Does the President really have the time to focus on this issue? Especially with the war in Iraq. Plus, this is an election year. This issue of Comcast/Disney pales in comparison.


----------



## openhouse (Jan 25, 2003)

this is really interesting.


----------



## BobMurdoch (Apr 24, 2002)

uncdanwrong said:


> It may not be Bush's fault (Clinton signed cable deregulation into law) but he's not showing any leadership on the issue. While it may not be fair, Joe Six-Pack is a lot more likely to kick Bush out of office over rising cable rates than the war in Iraq. The other guy may be the Senator who received more money than any other Senator in the past 15 years but Bush will be viewed as the one who's in bed with special interests and out of touch.


(crickets chirp)

!rolling

OK, I'm not enamored with either one of the candidates, but that paragraph is SOOOOOO out in left field I don't know where to begin.

(Why am I hearing that Korean Kid from American Idol singing in my head....

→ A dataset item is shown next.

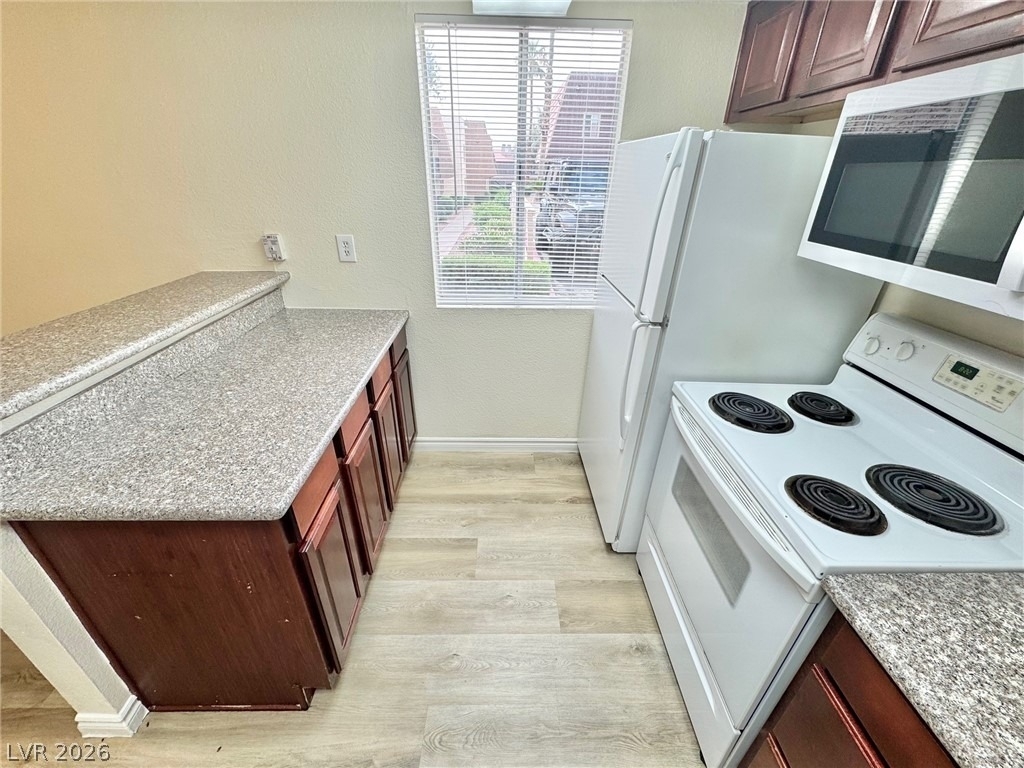 5422 River Glen Drive - Photo 2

"She Bangs.... She Bangs....")


----------



## pez2002 (Dec 13, 2002)

they better not chance the namre of disneyworld to 

Comcastworld 


BTW i wanna go back to disneyworld have not been there since 1996


----------



## Nick (Apr 23, 2002)

"Breaking New!"

According to the ever-reliable Dredge Report, when Dish acquires Disney, the new conglomerate will be called "Dishney" and cartoon monkeys will come flying out of Charlie's butt.

:lol:


----------



## Mike Richardson (Jun 12, 2003)

Nick said:


> cartoon monkeys will come flying out of Charlie's butt.


Replays of this will be available on the new adult channel featuring your favorite Disney characters. This channel will only be available to those living simultaneously in California and Texas at the same time.


----------